寒山寺の境内は近年整備が進み、参道や建物周辺はバリアフリー対応の石畳になっています 。山門は現代的な意匠の門構えで、入口には箕面市の保護樹木に指定された大きなクスノキが茂り、訪れる人を出迎えてくれます 。移転後に建立された本堂は約200名を収容可能な広さがあり冷暖房も完備されているため、法要や坐禅会などで快適に利用できます 。本堂内陣からは、庭園の枯山水と苔庭を一望できるよう設計されています。 庭園にはソメイヨシノの桜をはじめ四季折々の草木が配されており、春には桜花、夏には新緑、秋には紅葉、冬には苔の緑が美しいコントラストを見せます 。平成30年(2018年)に庭園の改修整備も行われ、石組みや飛び石が趣ある景観を演出しています 。境内には茶室や書院などの建物も配置されています。自然に囲まれた茶室では静寂の中でお茶を楽しめます(※現在修復中) 。また旧書院は大正時代に建てられた和風建築で、欄間やガラス戸に当時の風情を残しています 。現在は法事の控室や檀家の集まりに利用されていますが、その古建築の趣は建築好きな訪問者にも興味深いでしょう。その他、本堂地下には檀信徒の位牌を祀る位牌堂や、新たに整備された永代供養墓「万霊塔」、ペット供養塔「浄光塔」などもあり、現代のニーズに応じた施設も備えています 。静かな境内と手入れの行き届いた庭園、そして歴史を感じさせる建造物が調和し、訪れる人々に安らぎを与えてくれるでしょう 。
1634年頃
(寛永11年)
膳所藩主・石川忠総が瑞南卜兆禅師を開山に迎え、近江国膳所(現・滋賀県大津市石山町付近)に寒山寺を創建。
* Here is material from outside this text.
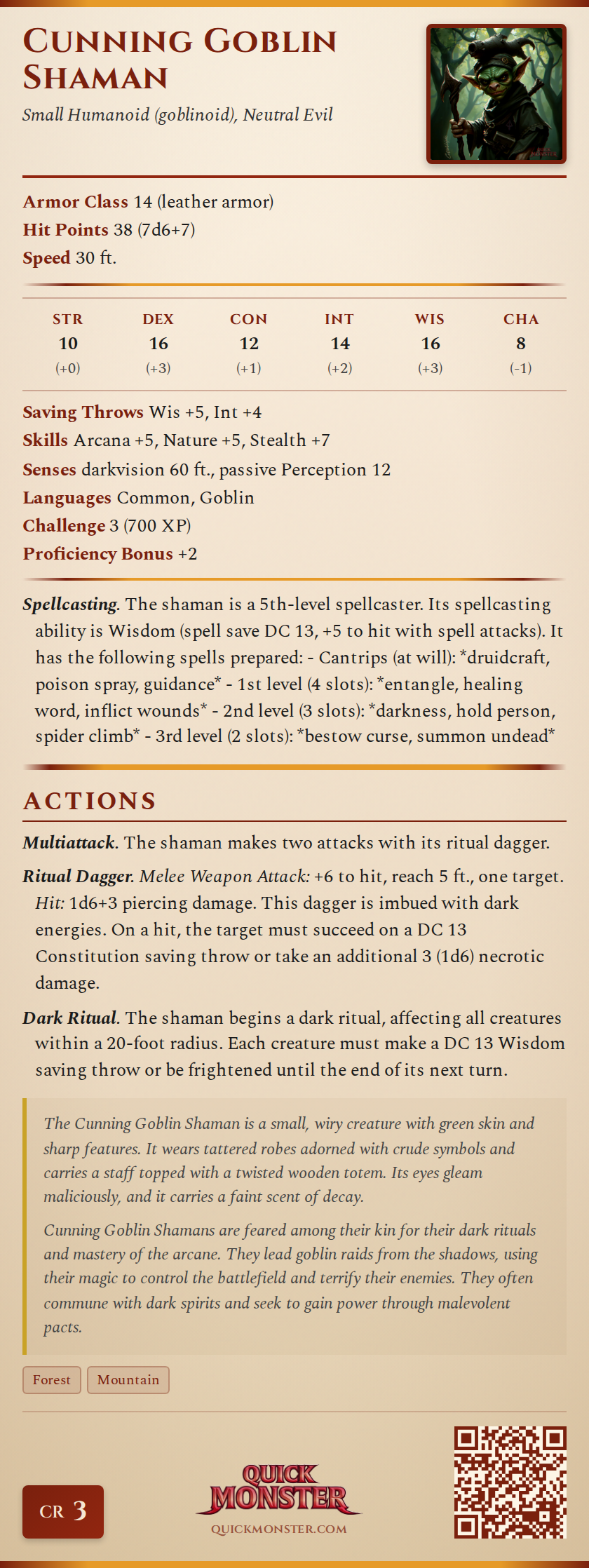 Cunning Goblin Shaman Stat Block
琵琶湖と紅葉の景勝地に位置し、中国蘇州の寒山寺になぞらえて寺名が定められた。
1650年
(慶安3年)
石川家の転封により寺も大坂城下の西寺町(大阪市北区兎我野町)へ移転。以後、大坂の町で禅の道場として布教を開始。寒山寺の梵鐘は時報の鐘として知られ、近松門左衛門の浄瑠璃『曽根崎心中』にも登場するほど名声を得た。
1837年
(天保8年)
大塩平八郎の乱による大火で大阪市内の寒山寺は本堂以下諸堂を焼失。当時伝わっていた開山像や禅画などは疎開によって難を逃れ、その後歴代住職により堂宇が再建された。
1944–1945年
(第二次世界大戦中)
戦時下で寒山寺の名鐘は金属供出され失われ、さらに大阪大空襲により本堂が焼失する壊滅的被害を受ける。戦後は再び復興に尽力した。
1968年
(昭和43年)
大阪万博に伴う新御堂筋建設計画により旧寺地が立ち退き対象となり、大阪市からの要請で箕面市への移転を決定。第15世・第16世住職のもと、本堂・書院などを新築し、1969年(昭和44年)までに移転完了。
昭和~平成期
(~2000年代)
箕面市への移転後、境内整備やバリアフリー化、永代供養施設の新設など現代的設備を充実。平成30年(2018年)には庭園改修も実施し、移転から半世紀を経た現在も法要・坐禅会などを通じて地域に根ざした禅寺として活動を続けている。